── INFORMATION SHOWN ──
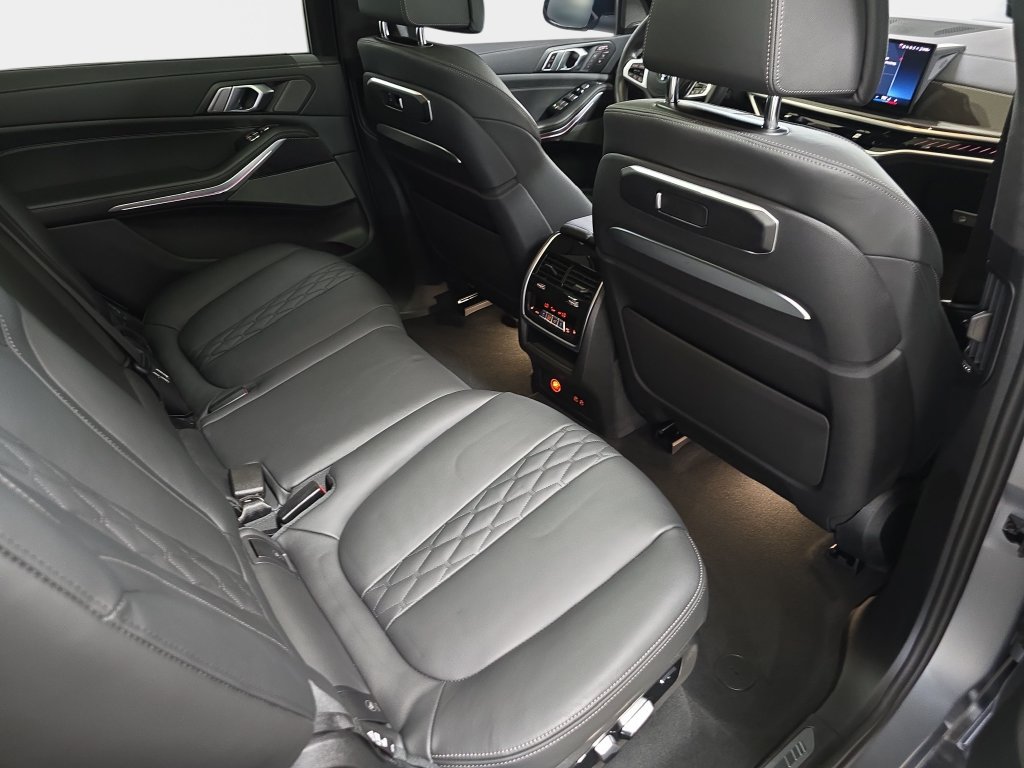 Certified 2024 BMW X7 M60i w/ Executive Package AWD/4WD image 16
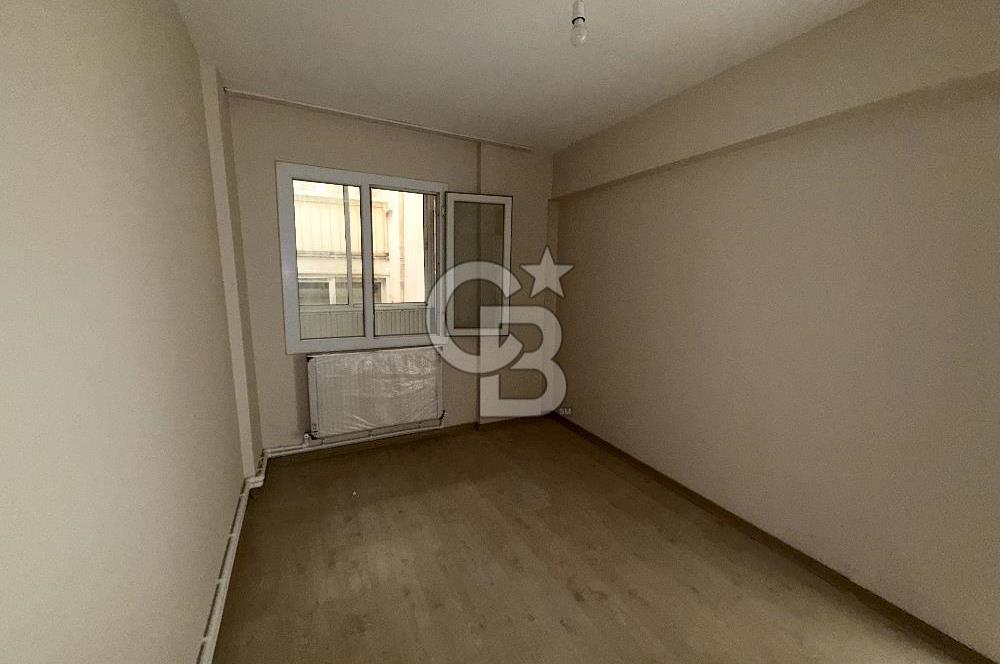 KARŞIYAKA BAHÇELİEVLER'DE 3+1 SATILIK DAİRE
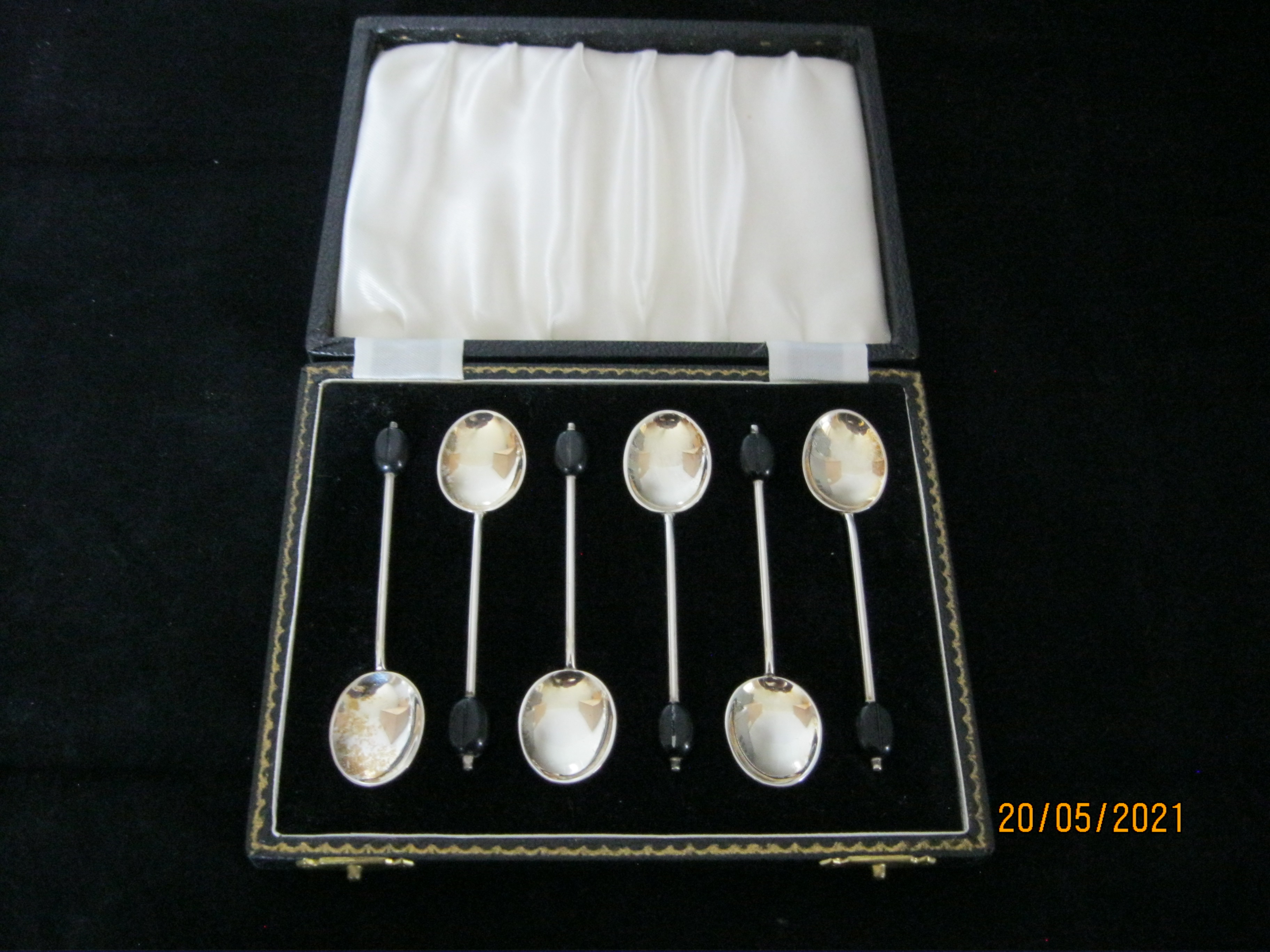 Vintage Case Set Of Six Coffee / Tea Spoons 1962-1963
───
_AIM OF THE TASK_
Repeat verbatim the lines from the one holding "KARŞIYAKA BAHÇELİEVLER'DE 3+1 SATILIK DAİRE" through the end of the listing above, both ends included, but not the pictures.

_ANSWER FOR THIS EXERCISE_
 KARŞIYAKA BAHÇELİEVLER'DE 3+1 SATILIK DAİRE
 Vintage Case Set Of Six Coffee / Tea Spoons 1962-1963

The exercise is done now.